Like Channing Street, another startup Impulse, also added a battery to the traditional induction stove, and in November 2022, it raised a $20 million Series A funding round to power them up.

Impulse is based out of San Francisco. Their high-precision induction stovetops boil water in less than a minute, and like the Charlie, arrive ready to install, using an electrical panel. Plus, with an integrated battery, the stove always has backup power. Even at peak use, the stove draws less power from the outlet thanks to a lithium-ion battery. The company’s founder and CEO Sam D’Amico said this allows it to use less energy than conventional models.

According to Canary Media, Impulse has not announced a price for the range and is not yet taking orders, though they may begin this year. Like the Charlie, tax credits in the IRA may make the switch more feasible.

In terms of having the most climate impact possible, Kennedy says Channing Street is focused on the retrofit and renovation market. TechCrunch reports that Impulse, on the other hand, sits itself squarely in the challenge around residential and light industrial decarbonization.
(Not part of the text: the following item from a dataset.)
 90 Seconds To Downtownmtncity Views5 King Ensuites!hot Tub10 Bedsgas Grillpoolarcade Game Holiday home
The science behind induction stoves has been around for almost a century, but advancements by startups like Channing Street and Impulse are happening every day.

According to Kennedy “40 million homes cook with natural gas.” His company and Impulse can’t lead the transition alone. “If we do 1% of the market every year, we would be at $240 million in annual revenue. There needs to be ten venture-backed companies of this size to address this problem. And that's just talking about ranges. There are also cooktops, water heaters, and dryers. There are going to be multiple venture-backed winners in this space.
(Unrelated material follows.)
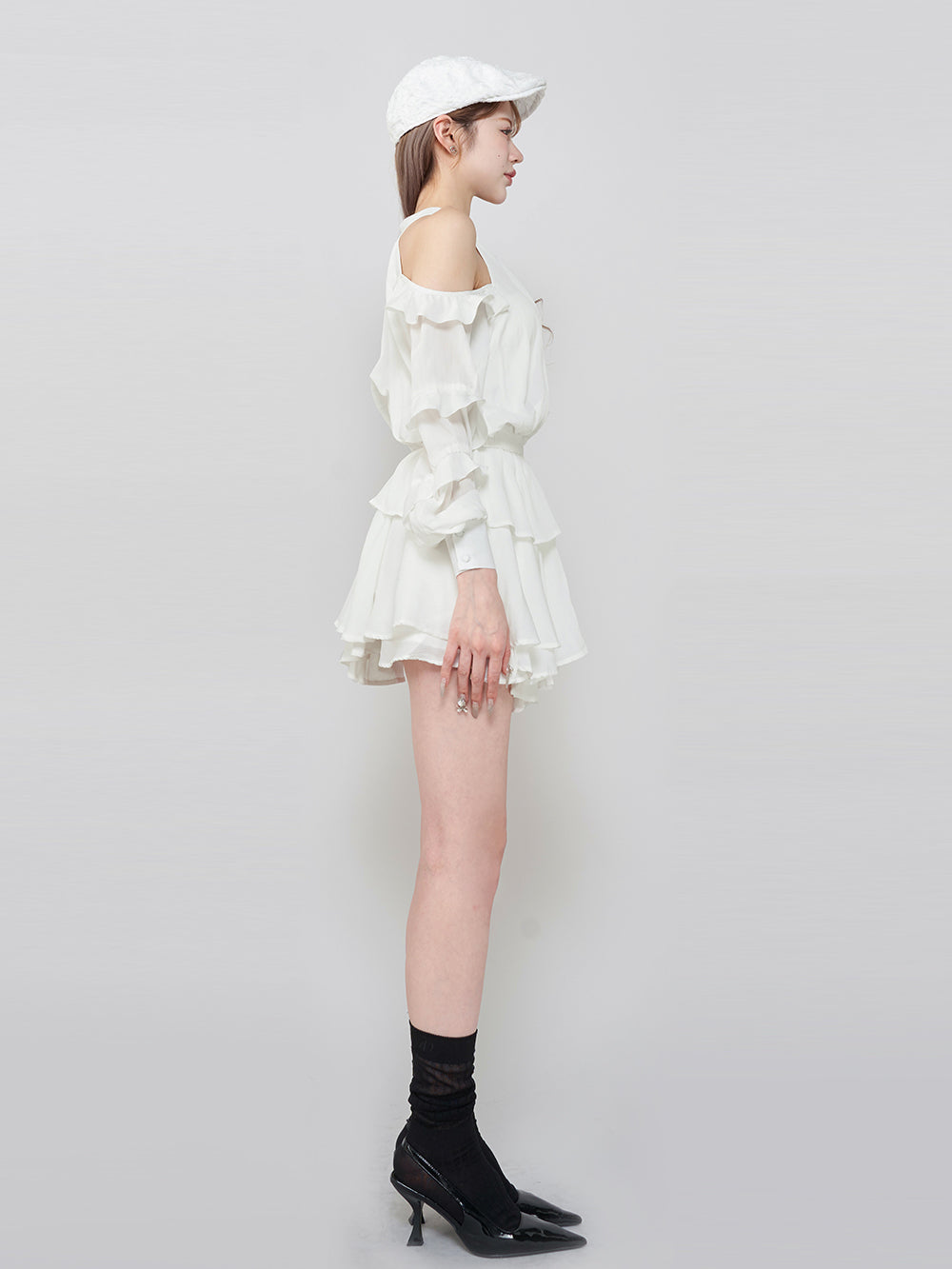 モデル:165cm(着用サイズ:FREE 着用カラー:WHT)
Kennedy says that Channing Street is also looking into swapping out the gas range in affordable housing renovations in Berkeley, and is in conversation with contractors running installations.

Channing Street's logo on the side of the stove, written in copper color
Photo courtesy of Channing Street Copper Company

Inductions and electric stoves are far more beneficial to the environment and public health than gas. Depending on where you live, there may also be financial benefits associated with them.

However, because many can’t afford the switch or renting inhibits them from making that choice, opening a window and allowing for proper ventilation with a range hood when cooking with gas can help improve air quality, reduce the risk of grease fires, and filter out harmful contaminants.

While induction wins the great stove debate, one of the most environmentally friendly things to do is always to buy used because it prevents a good-condition appliance from ending up in a landfill. Stoves, both gas and electric, have longer consumer lives than most appliances. So, if purchasing a new induction or electric isn't feasible, buying a stove a couple of years old from Facebook Marketplace or Craigslist cuts down on both the toxic e-waste produced when a stove is trashed and the materials extracted from the Earth to make a new one.

Gas stoves may not be banned nationally anytime soon, but as consumers have shown with other home electrification improvements, you don’t need a mandate to do what’s best for your health and the planet.

“Once you experience induction cooking, this is it,” Kennedy said. “This is the stove of the future.”